No need to recess anything. 
1: Remove the plasterboard from the side you will be putting the new lintel in from.
2: Cut the new opening, insert lintel,double stud where necessary
3: Brace the wall with ply
4: Replace the plasterboard
5: Fix up any skirtings etc that grow or shrink with the new ply behind the gyprock.

----------


## phild01

Maybe the extra for ply brace shifting the architraves around, but a bit convoluted and wouldn't provide the same bracing level as a continuous braceboard sheet.

----------


## FrodoOne

> ???? 
> No need to recess anything. 
> 1: Remove the plasterboard from the side you will be putting the new lintel in from.
> 2: Cut the new opening, insert lintel,double stud where necessary
> 3: Brace the wall with ply
> 4: Replace the plasterboard
> 5: Fix up any skirtings etc that grow or shrink with the new ply behind the gyprock.

     Sorry.  I don't see what you mean by the above, unless you mean to apply the ply bracing to the *entire* wall.
If you do apply bracing to that entire wall it will be that much thicker than the adjacent wall, which may then need to be "modified" to become the same thickness. 
  I was thinking that the only bracing necessary would be above and below the new opening, leaving the existing bracing strip intact (and re-fastened) where it was not cut, with the ply bracing acting as a _substitute_ bracing on the "amended" section only.  Is anything more than that really necessary? 
 I can see the process you describe working only if you ply brace the entire wall and fix plaster-board over the entire (braced) wall, which seems to be at least a four fold increase in the original job concept!

----------


## shauck

> I was thinking that the only bracing necessary would be above and below the new opening, leaving the existing bracing strip intact (and re-fastened) where it was not cut, with the ply bracing acting as a _substitute_ bracing on the "amended" section only.  Is anything more than that really necessary?

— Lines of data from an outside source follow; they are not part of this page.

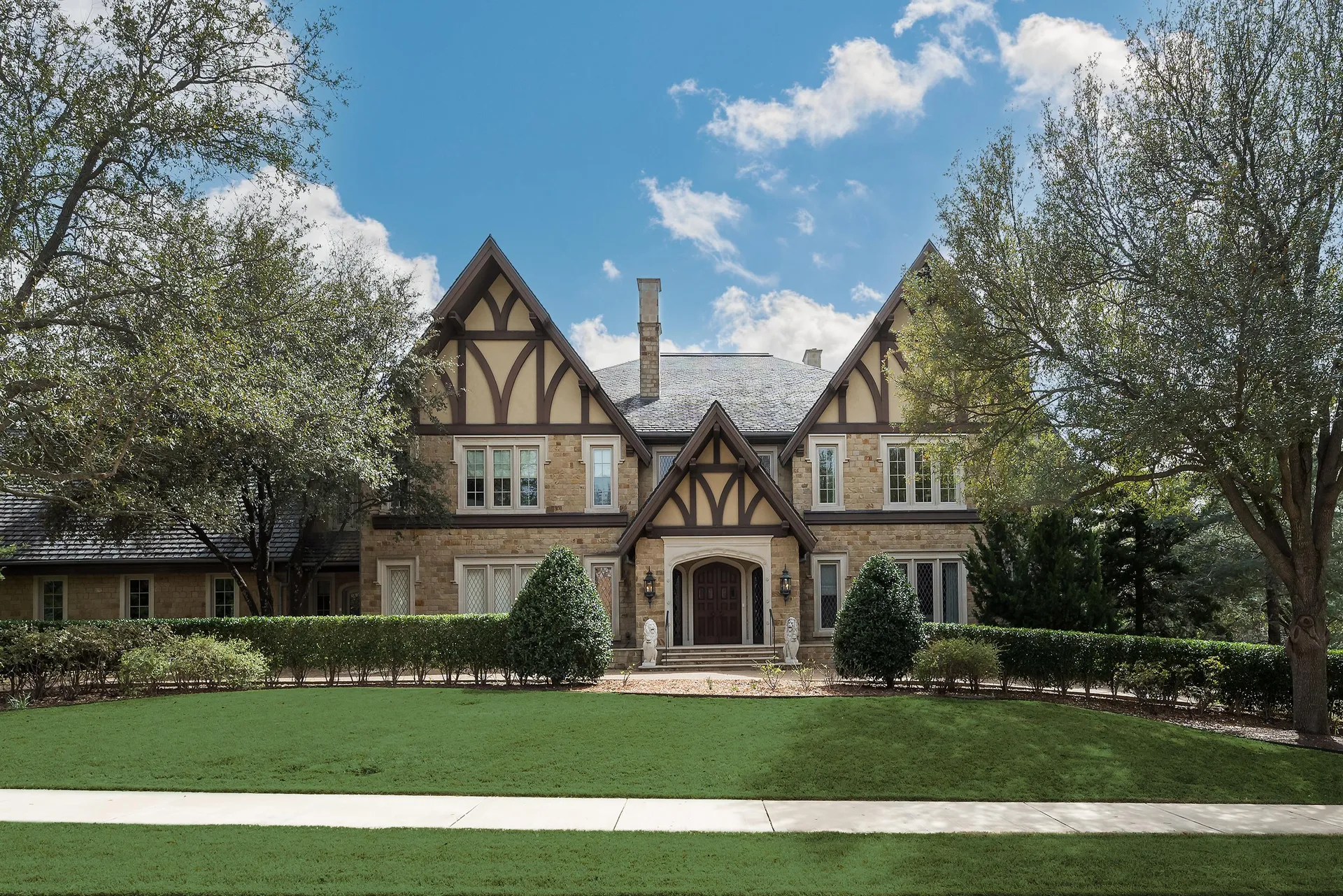 Highland Park TX, 3711 Lexington Avenue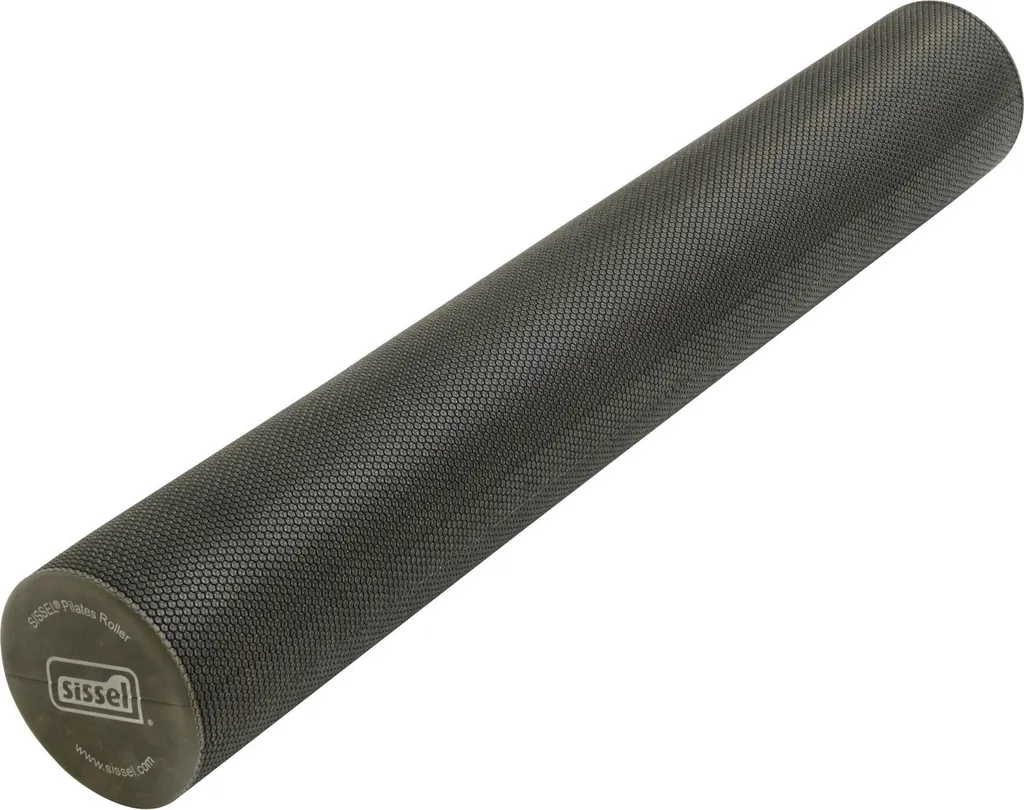 Rouleau de pilates Sissel Pro pour gym et renforcement musculaire
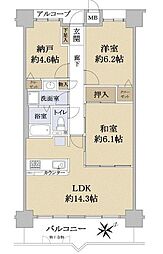 マーレ明石東二見サティスコート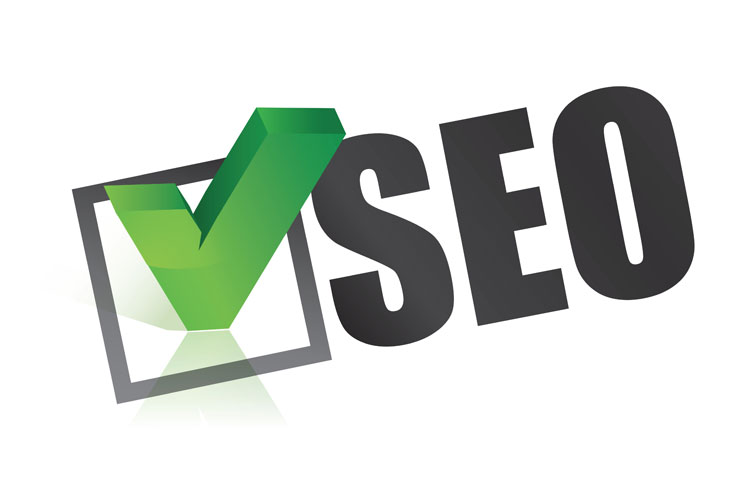 Référencement SEO international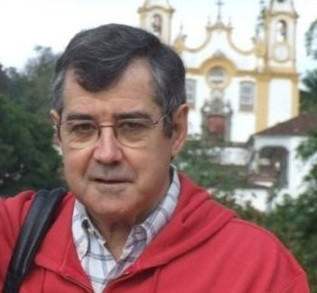 Morreu Luís de Barros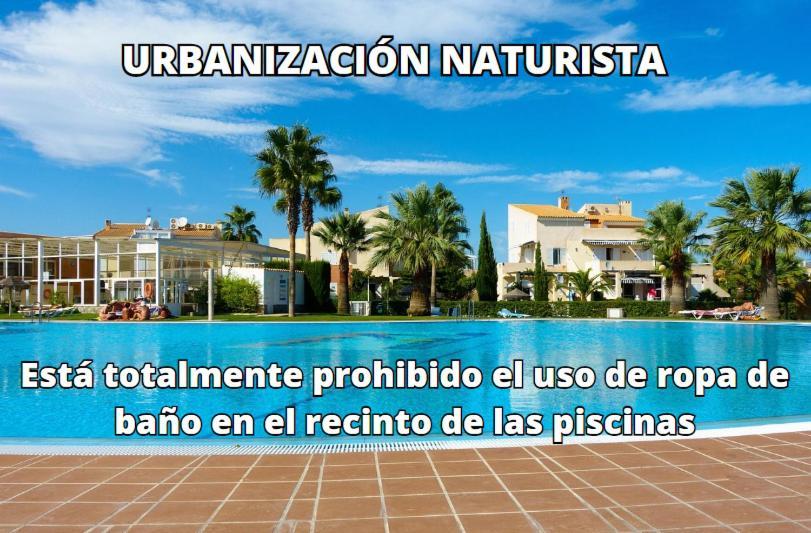 Natura Paula Apartment Vera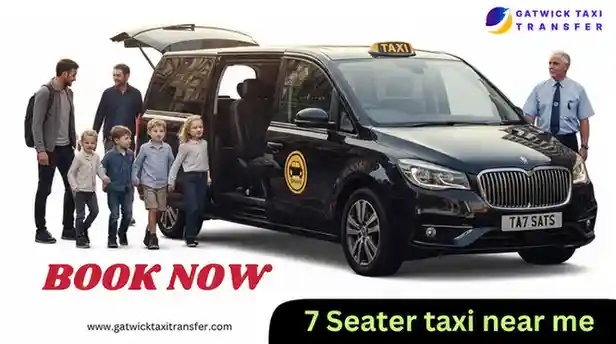 Finding a Reliable 7 Seater Taxi Near Me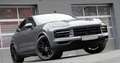 Porsche Cayenne COUPE E-HYBRID NAVI LED PANORAMA KAMERA PASM Grigio - thumbnail 4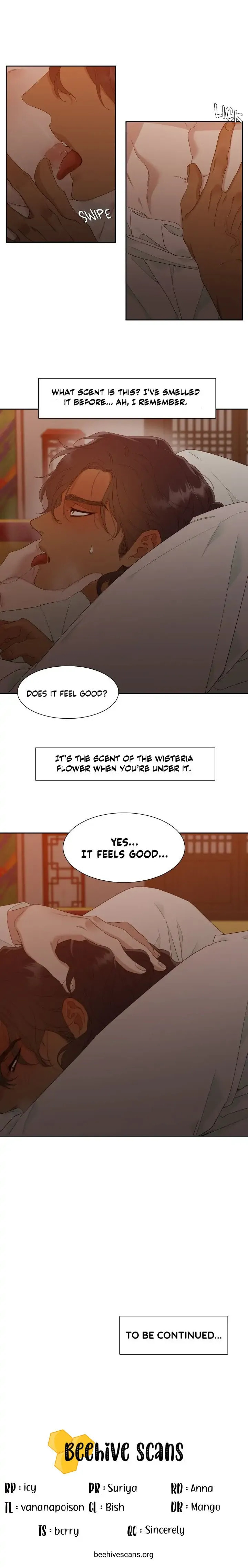 Taming the Tiger Chapter 5 page 16 - 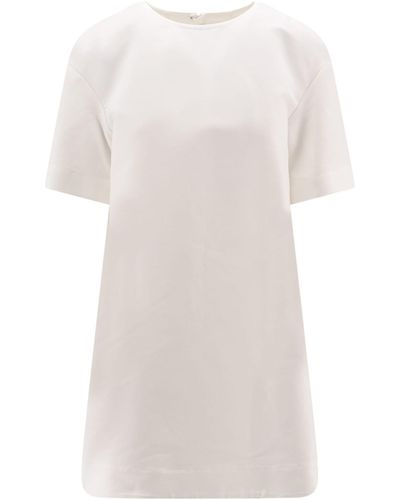 Marni Dress - White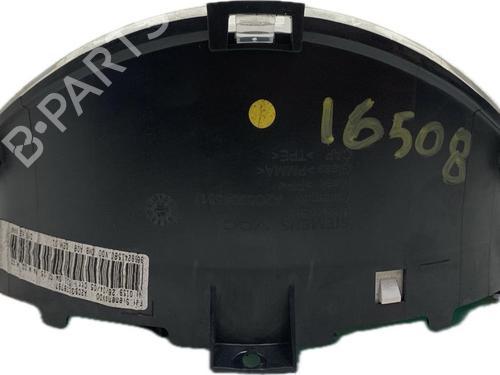 Instrument cluster PEUGEOT 1007 (KM_) 1.4 | BP13700029C47 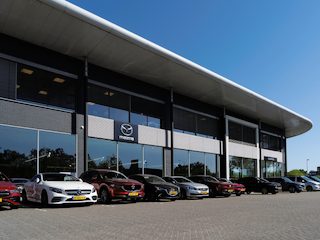 Mazda MX-5 1.5 SkyActiv-G 132 Kazari | Camera | Stoelverwarming |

  Once you cut the existing bracing, it no longer works at all. It must be continuous from bottom plate to top plate and connected to each stud it crosses to form a triangulation. You would remove all of it and replace with ply to equal the job of original bracing which may be only a partial amount of wall and then pack out the rest of the studs on the rest of the wall with strips of ply or you could just ply brace the whole wall.

----------


## METRIX

> Sorry.  I don't see what you mean by the above, unless you mean to apply the ply bracing to the *entire* wall.
> If you do apply bracing to that entire wall it will be that much thicker than the adjacent wall, which may then need to be "modified" to become the same thickness. 
>   I was thinking that the only bracing necessary would be above and below the new opening, leaving the existing bracing strip intact (and re-fastened) where it was not cut, with the ply bracing acting as a _substitute_ bracing on the "amended" section only.  Is anything more than that really necessary? 
>  I can see the process you describe working only if you ply brace the entire wall and fix plaster-board over the entire (braced) wall, which seems to be at least a four fold increase in the original job concept!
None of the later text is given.